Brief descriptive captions

===

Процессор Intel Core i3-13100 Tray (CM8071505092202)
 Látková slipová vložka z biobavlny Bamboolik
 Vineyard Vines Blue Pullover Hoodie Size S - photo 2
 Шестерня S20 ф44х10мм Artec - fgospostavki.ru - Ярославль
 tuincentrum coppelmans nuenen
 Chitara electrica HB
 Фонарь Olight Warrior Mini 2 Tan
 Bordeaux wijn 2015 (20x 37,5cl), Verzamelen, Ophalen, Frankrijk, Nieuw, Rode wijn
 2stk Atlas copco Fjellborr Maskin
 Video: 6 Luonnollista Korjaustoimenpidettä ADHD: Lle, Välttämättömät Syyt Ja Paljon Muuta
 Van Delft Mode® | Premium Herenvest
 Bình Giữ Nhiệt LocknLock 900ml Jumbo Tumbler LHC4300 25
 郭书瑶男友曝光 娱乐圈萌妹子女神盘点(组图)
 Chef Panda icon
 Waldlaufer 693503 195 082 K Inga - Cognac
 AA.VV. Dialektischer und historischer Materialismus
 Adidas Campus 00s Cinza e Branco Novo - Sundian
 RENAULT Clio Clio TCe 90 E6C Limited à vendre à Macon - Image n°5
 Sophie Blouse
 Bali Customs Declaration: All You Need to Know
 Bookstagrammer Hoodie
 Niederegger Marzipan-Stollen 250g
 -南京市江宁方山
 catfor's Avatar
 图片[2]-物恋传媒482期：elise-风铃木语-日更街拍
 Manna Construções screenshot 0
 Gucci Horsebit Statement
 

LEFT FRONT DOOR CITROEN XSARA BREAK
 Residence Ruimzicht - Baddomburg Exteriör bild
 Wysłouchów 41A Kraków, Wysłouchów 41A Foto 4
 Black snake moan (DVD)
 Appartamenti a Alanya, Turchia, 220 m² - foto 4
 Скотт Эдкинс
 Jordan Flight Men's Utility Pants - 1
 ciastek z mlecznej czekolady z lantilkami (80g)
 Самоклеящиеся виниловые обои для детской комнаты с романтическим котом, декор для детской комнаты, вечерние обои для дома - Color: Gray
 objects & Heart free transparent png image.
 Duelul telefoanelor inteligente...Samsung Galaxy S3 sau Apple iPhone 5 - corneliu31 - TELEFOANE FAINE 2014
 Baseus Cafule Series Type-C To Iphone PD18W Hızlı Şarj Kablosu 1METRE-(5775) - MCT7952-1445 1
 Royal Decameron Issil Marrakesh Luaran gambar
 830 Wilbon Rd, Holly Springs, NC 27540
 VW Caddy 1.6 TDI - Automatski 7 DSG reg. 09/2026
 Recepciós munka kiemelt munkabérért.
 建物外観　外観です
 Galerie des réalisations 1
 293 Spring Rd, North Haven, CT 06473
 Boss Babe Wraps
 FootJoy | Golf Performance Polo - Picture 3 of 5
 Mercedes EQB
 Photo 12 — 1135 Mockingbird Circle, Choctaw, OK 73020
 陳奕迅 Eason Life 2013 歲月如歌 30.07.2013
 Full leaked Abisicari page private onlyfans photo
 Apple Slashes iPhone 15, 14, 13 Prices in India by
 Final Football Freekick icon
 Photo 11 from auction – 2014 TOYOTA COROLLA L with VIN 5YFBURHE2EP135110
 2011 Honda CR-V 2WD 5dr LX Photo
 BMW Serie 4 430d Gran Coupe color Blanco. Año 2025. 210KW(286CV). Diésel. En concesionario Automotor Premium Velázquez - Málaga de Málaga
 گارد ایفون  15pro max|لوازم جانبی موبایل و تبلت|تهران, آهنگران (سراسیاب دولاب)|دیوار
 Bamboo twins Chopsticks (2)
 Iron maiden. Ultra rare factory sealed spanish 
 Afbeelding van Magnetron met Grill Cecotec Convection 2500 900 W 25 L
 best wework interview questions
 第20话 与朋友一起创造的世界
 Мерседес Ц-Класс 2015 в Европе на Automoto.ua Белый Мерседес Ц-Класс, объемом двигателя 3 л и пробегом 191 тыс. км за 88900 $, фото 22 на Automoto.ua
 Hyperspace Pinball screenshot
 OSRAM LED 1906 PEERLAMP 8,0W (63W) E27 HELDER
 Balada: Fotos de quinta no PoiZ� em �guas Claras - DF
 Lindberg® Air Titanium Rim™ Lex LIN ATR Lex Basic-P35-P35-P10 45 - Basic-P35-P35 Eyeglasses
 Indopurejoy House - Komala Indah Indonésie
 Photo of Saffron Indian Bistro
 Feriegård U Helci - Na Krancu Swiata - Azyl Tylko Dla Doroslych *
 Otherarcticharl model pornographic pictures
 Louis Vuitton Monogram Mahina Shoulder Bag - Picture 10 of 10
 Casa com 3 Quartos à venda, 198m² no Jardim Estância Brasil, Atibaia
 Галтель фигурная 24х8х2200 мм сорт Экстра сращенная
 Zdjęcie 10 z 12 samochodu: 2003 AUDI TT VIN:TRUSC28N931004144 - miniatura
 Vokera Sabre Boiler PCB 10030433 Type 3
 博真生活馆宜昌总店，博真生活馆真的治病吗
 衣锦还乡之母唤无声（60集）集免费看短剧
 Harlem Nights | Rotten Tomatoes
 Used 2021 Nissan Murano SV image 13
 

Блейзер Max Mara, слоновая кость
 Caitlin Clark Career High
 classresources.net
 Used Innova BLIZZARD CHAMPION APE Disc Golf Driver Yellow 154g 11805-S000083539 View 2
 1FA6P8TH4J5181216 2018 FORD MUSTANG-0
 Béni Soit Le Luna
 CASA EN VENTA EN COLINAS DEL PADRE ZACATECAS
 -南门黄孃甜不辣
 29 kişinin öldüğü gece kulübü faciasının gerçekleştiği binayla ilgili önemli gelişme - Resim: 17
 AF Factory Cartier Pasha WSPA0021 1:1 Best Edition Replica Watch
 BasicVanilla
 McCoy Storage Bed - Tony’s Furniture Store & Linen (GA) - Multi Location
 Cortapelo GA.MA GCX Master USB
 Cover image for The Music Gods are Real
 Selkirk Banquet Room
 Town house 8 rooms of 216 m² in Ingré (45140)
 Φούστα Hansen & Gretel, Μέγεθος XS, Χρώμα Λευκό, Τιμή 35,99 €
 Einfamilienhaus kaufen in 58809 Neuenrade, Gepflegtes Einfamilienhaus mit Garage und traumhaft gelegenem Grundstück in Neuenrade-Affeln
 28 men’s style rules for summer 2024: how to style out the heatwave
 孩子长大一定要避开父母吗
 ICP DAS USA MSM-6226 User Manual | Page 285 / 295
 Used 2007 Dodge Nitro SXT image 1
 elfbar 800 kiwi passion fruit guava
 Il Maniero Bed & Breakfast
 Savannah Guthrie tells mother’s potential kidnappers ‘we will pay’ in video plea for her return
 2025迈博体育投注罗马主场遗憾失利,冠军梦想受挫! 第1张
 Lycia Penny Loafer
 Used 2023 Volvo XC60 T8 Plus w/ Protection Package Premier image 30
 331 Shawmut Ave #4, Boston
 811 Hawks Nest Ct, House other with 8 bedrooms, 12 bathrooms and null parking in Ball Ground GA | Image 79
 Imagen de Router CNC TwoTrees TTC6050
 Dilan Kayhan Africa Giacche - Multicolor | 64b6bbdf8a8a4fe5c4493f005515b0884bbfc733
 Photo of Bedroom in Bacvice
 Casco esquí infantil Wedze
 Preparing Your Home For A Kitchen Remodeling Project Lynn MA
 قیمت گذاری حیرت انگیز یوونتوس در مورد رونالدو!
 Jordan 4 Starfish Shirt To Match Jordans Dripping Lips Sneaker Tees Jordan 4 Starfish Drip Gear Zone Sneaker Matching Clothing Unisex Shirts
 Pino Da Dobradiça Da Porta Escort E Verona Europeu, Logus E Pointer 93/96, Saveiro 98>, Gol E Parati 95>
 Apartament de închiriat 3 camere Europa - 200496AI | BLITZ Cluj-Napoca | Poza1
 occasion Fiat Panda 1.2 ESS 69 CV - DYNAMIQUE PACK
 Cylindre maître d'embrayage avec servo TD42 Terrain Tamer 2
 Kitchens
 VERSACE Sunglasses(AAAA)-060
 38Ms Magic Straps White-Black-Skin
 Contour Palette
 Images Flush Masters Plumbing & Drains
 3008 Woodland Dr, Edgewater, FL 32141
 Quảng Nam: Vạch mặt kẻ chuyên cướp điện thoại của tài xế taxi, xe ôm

===

## Problem description:
Tally up the lines in the records that contain the word "Hoodie" and give only the total.

## Answer to the exercise:
2